What you need to do
Go through the records and copy each line where the word "with" occurs.
..............................
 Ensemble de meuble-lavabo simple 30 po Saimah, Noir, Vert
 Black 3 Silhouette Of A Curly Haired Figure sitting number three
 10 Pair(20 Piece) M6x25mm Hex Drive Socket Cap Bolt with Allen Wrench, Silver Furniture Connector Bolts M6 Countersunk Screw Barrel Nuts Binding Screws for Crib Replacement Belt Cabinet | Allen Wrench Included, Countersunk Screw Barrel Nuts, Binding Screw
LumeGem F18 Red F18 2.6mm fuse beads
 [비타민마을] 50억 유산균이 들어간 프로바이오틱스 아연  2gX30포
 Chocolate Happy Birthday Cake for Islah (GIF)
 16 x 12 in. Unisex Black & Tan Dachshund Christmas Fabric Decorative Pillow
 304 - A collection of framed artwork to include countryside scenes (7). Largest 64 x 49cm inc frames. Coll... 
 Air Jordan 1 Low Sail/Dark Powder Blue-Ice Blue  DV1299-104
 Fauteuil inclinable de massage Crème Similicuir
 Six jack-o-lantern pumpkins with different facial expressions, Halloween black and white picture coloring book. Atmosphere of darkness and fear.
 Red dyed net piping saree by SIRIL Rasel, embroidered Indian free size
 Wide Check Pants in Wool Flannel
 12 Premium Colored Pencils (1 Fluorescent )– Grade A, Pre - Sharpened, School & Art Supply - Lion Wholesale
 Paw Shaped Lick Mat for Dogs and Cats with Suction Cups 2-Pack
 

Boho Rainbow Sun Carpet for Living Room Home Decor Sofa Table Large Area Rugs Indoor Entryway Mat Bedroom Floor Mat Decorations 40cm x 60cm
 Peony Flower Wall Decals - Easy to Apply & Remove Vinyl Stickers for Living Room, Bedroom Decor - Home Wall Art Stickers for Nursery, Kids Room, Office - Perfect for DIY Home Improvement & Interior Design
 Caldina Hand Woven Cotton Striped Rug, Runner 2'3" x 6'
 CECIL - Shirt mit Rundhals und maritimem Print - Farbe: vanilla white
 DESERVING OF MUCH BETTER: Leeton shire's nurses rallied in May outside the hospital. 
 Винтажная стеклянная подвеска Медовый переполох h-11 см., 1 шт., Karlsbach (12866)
..............................
Solution to this task
 10 Pair(20 Piece) M6x25mm Hex Drive Socket Cap Bolt with Allen Wrench, Silver Furniture Connector Bolts M6 Countersunk Screw Barrel Nuts Binding Screws for Crib Replacement Belt Cabinet | Allen Wrench Included, Countersunk Screw Barrel Nuts, Binding Screw
 Six jack-o-lantern pumpkins with different facial expressions, Halloween black and white picture coloring book. Atmosphere of darkness and fear.
 Paw Shaped Lick Mat for Dogs and Cats with Suction Cups 2-Pack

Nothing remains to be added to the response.